Continued Opioid Prescription Fills Higher Among Cancer Survivors
Managing chronic pain after a cancer diagnosis remains a challenge.
Rates of opioid prescription use is substantially higher among cancer survivors compared with individuals without a prior cancer diagnosis, according to a recent study.
For the study, published in Cancer, investigators sought to examine the differences in opioid prescribing rates among cancer survivors versus matched controls without a history of cancer.
Enrolled in the retrospective population-wide matched cohort study were 8601 individuals residing in Ontario, Canada, who were aged 18 to 64 years and were at least 5 years passed their cancer diagnosis.
The participants were matched to 8601 controls without a prior history of cancer based on sex and year of birth. Follow-up was terminated at any indication of cancer recurrence, second malignancy, or new cancer diagnosis.
An Andersen-Gill recurrent event regression model was used to examine the association between survivorship and opioid prescription use.

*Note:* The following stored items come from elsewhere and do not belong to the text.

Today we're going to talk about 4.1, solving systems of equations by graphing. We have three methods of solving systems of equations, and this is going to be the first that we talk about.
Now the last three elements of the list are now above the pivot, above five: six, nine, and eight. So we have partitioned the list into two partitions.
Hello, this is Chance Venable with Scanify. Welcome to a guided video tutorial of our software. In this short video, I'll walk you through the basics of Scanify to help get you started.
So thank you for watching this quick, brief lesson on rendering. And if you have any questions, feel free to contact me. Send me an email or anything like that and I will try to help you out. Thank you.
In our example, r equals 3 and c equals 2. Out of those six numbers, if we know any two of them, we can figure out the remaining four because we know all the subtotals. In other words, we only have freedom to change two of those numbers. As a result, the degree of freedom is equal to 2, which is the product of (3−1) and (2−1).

The scientists looked for opioid prescriptions filled at a pharmacy dating back to 2010 for each participant.
The results of the study showed the rate of opioid prescribing was 1.22 times higher among cancer survivors than their matched controls.
Younger individuals from lower income quintiles with more comorbidities had significantly higher prescribing rates, according to the report. Sex was not associated with prescribing rates, the authors noted.

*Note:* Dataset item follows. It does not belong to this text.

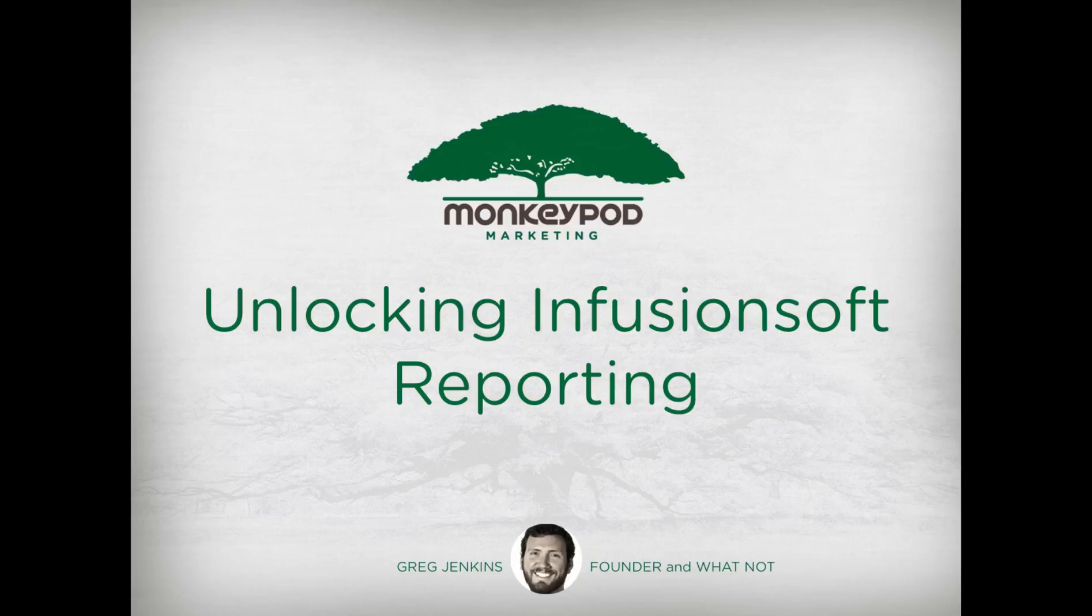Hey all, I've got a pretty quick video here, but I really want to underscore the importance because I think that this video is the secret to unlocking Infusionsoft's reporting.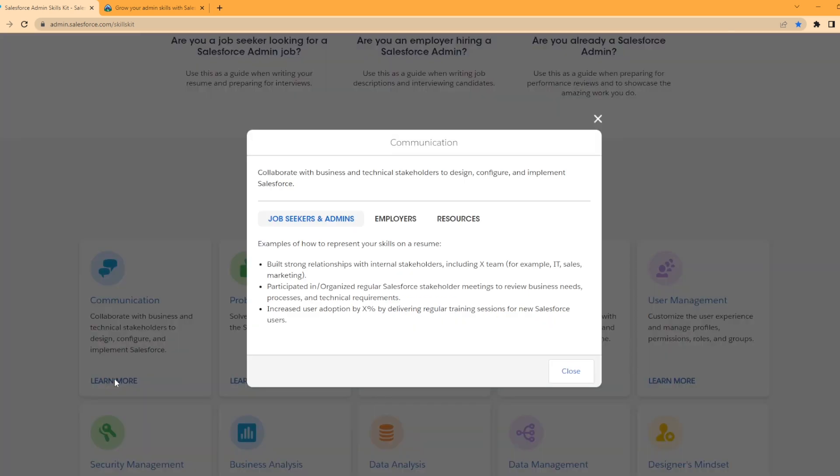It has the three sections that we talked about in the beginning. For job seekers and admins, build strong relationships with internal stakeholders including cross-functional teams like IT, sales, and marketing. As you can see, they already kind of have this pre-built where you can almost copy and paste it into your resume or reword it in your own words. For example, increase your user adoption by X percentage by delivering regular training sessions for new Salesforce users.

In addition, the increased rate of opioid prescribing was also observed among cancer survivors who were 10 or more years past their cancer diagnosis.

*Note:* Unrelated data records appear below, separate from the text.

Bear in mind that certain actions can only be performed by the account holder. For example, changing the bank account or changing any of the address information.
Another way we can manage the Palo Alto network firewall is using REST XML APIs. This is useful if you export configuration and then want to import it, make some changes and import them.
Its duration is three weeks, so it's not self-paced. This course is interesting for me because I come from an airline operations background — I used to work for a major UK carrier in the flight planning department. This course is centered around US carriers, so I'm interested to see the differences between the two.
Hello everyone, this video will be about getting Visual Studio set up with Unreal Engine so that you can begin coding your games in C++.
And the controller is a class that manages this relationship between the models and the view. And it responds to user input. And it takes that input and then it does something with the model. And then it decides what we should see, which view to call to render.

“Our research findings raise concerns about the diagnosis and management of chronic pain problems among survivors stemming from their cancer diagnosis or treatment,” said senior scientist Rinku Sutradhar, PhD. “Physicians providing primary care to cancer survivors should consider close examination of reasons for continued opioid use to differentiate chronic pain from dependency.”
More than 50,000 Americans died from a drug overdose in 2015. In recent years, overdoses have become the leading cause of accidental deaths.